Perhaps, but do you also have the wiring schematic for your laptop's
motherboard ? This really is nowhere nearly as straightforward as you
imagine. There are lots of us here who have the datasheet you keep
referring to, by the way, it is not the entire story.

Please try working with David to get the natsemi program working. If,
however, the MSI program is unable to force the port into EPP mode, your
port may be locked by the BIOS in such a way that only a new BIOS could
fix this.

(Yes, such configurations exist.)

> > You might have to allow access to a whole range of oddball ioports before
> > the backpack will be able to "unlock" your port.
>
> it unlocked the port fine, however, it just seemed to make no difference

No, by unlocking the port, I mean enabling access to the configuration
registers so that the mode can be changed into something useful. The
MSI driver pokes at several dozen random addresses while attempting to
access all the different possible configuration registers. You'd need
to "enable" access to all those ports in your DOSemu config file before
it would actually unlock the port.

> i know that the versions are different, but i cant believe that the dosemu
> team changed tracing all that much. {quick check through the initialisation
> logfile}. Hurm, surely the info you need _is_ there, there is def.
> reads to port 3f0 and 3f1 > (parts of my parallel port range) and also
> the reads to / from ports before that...

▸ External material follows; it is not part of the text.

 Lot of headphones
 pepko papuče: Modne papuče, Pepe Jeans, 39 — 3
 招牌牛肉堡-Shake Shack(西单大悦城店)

Yes, DOSemu 0.67 is very different. No, there is no useful information
there. An actual SPP mode initialisation trace will be more than 500K
uncompressed using my +T trace code, using the new 0.67 code it will be
more like 3M.

> > and then be sure not to use the
> > "fast" attribute in your ports clauses of the configuration file, "fast"
> > defeats the tracing logic.
>
> fast wasnt on during the logs

Probably they've changed the terminology or syntax or something. "fast"
is an attribute of a port range in 0.66. If you declare fast access to a
port, DOSemu will write to it directly, rather than trapping the i/o
instructions through the emulator. Obviously, if the i/o is not being
trapped, it can't be traced. That's why your trace log contained no
references to ports 378, 379 or 37a - the actual SPP ports.